Spark support should still be considered experimental.

SparkSession#

SparkSession setup is performed using a set of drivers, which handle different environments.

Currently, the supported drivers are as follow:

  • embedded: initializes a Spark environment without any external infrastructure. Once the Python program ends, the Spark system also shuts down.

  • databricks: connects to a remote Databricks cluster using databricks-connect.

Every driver accepts a different set of configuration options which are described below.

Usage#

A Spark session can be accesed as follows:

from plpipes.spark import spark_session

spark = spark_session()
...

Any action needed to initialize the session or any other subsystem is performed automatically.

Configuration#

The Spark layer is configured through the spark entry. A driver setting is used to pick which driver to use, any other accepted configuration is driver-dependent.

Example:

spark:
  driver: embedded
  log_level: WARN
  extra:
    spark:
      foo: footomal

The entries supported by the different drivers are as follows:

embedded driver#

  • app_name: application name (defaults to work).
  • home: spark working directory (defaults to work/spark).
  • extra: subtree containing extra configuration options which are passed verbatim to the SparkSession.builder.config method. Note that the options accepted by that method usually start by spark. See the Spark documentation for details.

databricks driver#

  • profile: profile name as defined in the file ~/.databrickscfg (defaults to DEFAULT).
  • extra subtree containing extra configuration options which are passed verbatim to the SparkSession.builder.config method. Note that the options accepted by that method usually start by spark. See the Spark documentation for details.

Database integration#

Spark database engine can be accessed through the plpipes.database package as any other database.
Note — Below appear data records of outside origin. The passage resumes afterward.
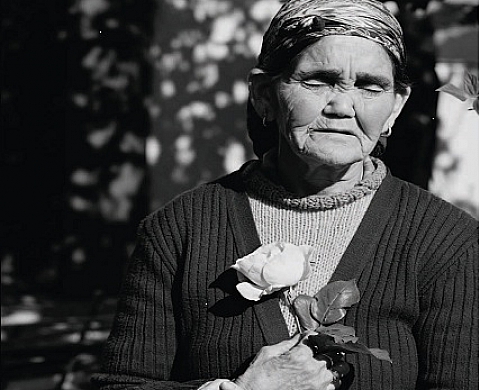 Destin de Harkis par Stephan Gladieu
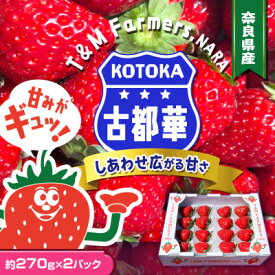 【ふるさと納税】いちご　古都華・ことか2パック(8～15粒入り/1pc)【配送不可地域：離島・北海道・沖縄県・東北】【1685936】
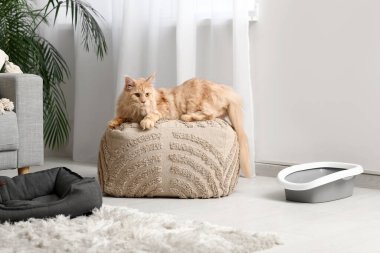 Maine Rakun Kedisi evde pouf üzerinde yatıyor.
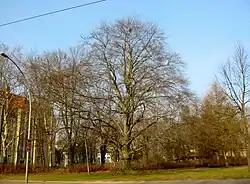 Maria-Jankowski-Park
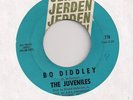 THE JUVENILES : Bo Diddley/Yes I Believe (Jerden 770)1965 NW Raw Garage 45 HEAR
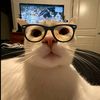 manusiaintrovert111_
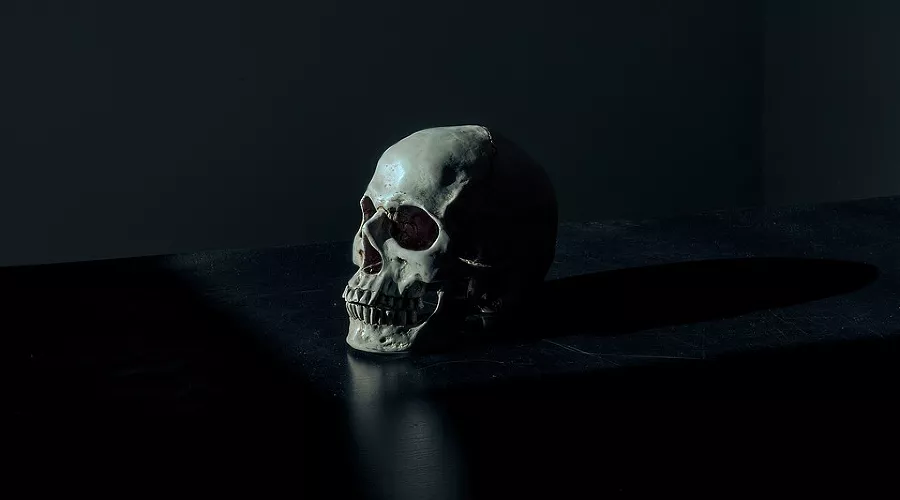  &copy;&nbsp;Фото с сайта pixabay.com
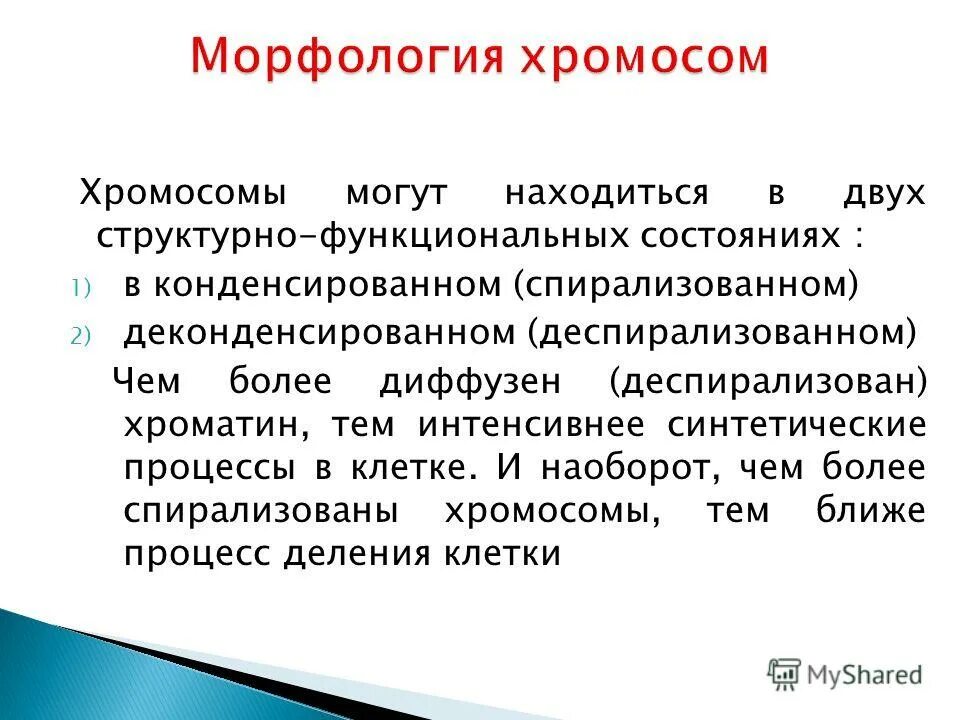 Морфология дерева. Возбудитель холеры культуральные свойства. Хламидии культуральные свойства. Возбудители бактериальных респираторных инфекций. Грамотрицательные палочки.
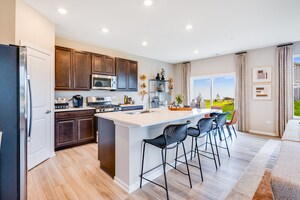 15238 S Hepworth Ct in Plainfield, IL - Building Photo - Building Photo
See Databases for the details.

Databricks integration#

Access to Spark clusters inside Databricks is provided through the databricks driver. It expects to find a databricks-connect profile already configured in the file ~/.databrickscfg.

That file can be created automatically using the Databricks CLI which accepts several authentication mechanisms.

The following command can be used to initialize a profile:

databricks auth login --host <workspace-url>

The workspace-url can be taken the host part of the URL from the web browser when inside the Databricks environment. It usually looks like https://adb-xxxxxxxxxxx.azuredatabricks.net.

Also, the cluster_id must be added by hand to the profile. It appears on the URL when inspecting the cluster inside the Databricks environment.

Sample .databrickscfg file:

; The profile defined in the DEFAULT section is to be used as a fallback when no profile is explicitly specified.
[DEFAULT]
host       = https://adb-xxxxxxxxxxxxxxxx.azuredatabricks.net
auth_type  = databricks-cli
cluster_id = 0123-123456-ht3tynfg